Stabilization of the aggrecan network in cartilage involves strong non-covalent interactions with link protein and hyaluronan at the N-terminal G1 globular domain and G3-mediated interactions at the C terminus that may be influenced by alternative splicing (77, 78). Given the abundance of aggrecan and link protein in cartilage, it was not surprising that these two components generated the highest spectral count values in juvenile cartilage. What we did not anticipate was that aggrecan in juvenile cartilage completely lacked the G3 domain, indicated by the absence of peptides corresponding to this region of the core protein (supplemental Fig. 5, E–H). This was in stark contrast to the neocartilage extracts in which G3 domain of aggrecan was detected in all samples analyzed. The release of G3-containing aggrecan fragments in vitro and in vivo is a well documented indication of cartilage breakdown (34, 79). Whether aggrecan network formation during early development of the cartilage ECM also involves processing of the G3 domain is a subject for further investigation.
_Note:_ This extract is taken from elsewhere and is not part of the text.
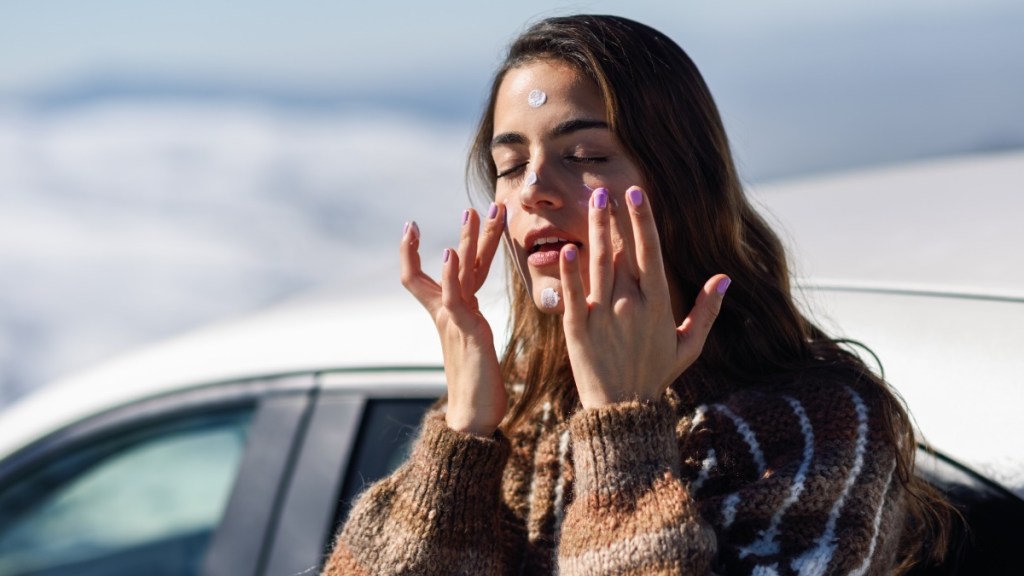 Eine Frau steht im Freien vor ihrem Auto und cremt ihr Gesicht ein.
Benefits and Future Applications of Our Experimental Approach

In this study, we identified 819 cartilage proteins using solubility-based protein fractionation and LTQ-Orbitrap MS/MS. This compares favorably with recent analysis of human articular cartilage where proteins were resolved by SDS-PAGE prior to LTQ MS/MS (12). However, our analytical platform offers two advantages. First, separating proteins into fewer fractions reduces cost and sample handling associated with SDS-PAGE and in-gel digestion. Second, solubility-based fractionation retains important information related to the biophysical properties of the proteins, allowing differences in protein solubility to be interpreted in the context of the biological system being studied. This approach may be particularly valuable in other tissues dominated by poorly soluble matrix components such as meniscus and tendon.
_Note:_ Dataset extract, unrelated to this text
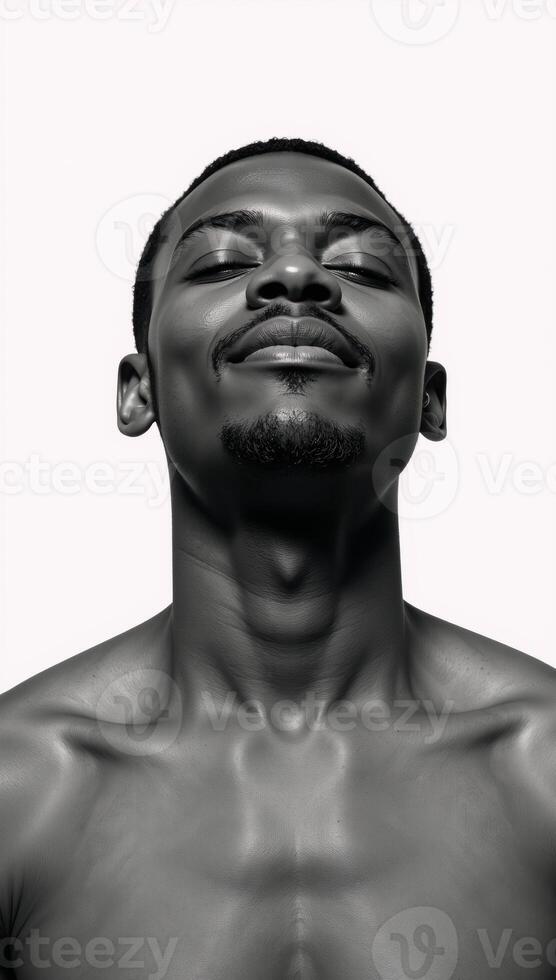 A blackandwhite double exposure portrait showcases a serene African American man sitting within a forest backdrop against a stark white background his closed eyes convey an air of contemplative peace photo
This study is the first to use proteomics for comprehensive biochemical analysis of cartilage engineered in vitro, leading to identification of a cohort of proteins involved in chondrocyte metabolism, cell-matrix interactions, and maturation of the cartilage ECM. Although the neocartilage produced by mouse chondrocytes lacked the zonal organization of bovine neocartilage (9), the benefit of developing a mouse system is the potential for further analysis of models of inherited cartilage disorders. Sequential extraction and proteomics studies in mouse neocartilage lacking novel or important matrix components or incorporating proteins harboring dominant negative mutations will provide information on the role of specific cartilage components and the effect of disease-causing mutations on cartilage function in vitro and in vivo. Furthermore, our investigation has paved the way for proteomics of neocartilage grafts generated from human chondrocytes or chondroprogenitor cells. Comprehensive analysis of human neocartilage developed for autologous transplantation will generate important insight into both chondrocyte protein expression and properties of the neocartilage extracellular matrix.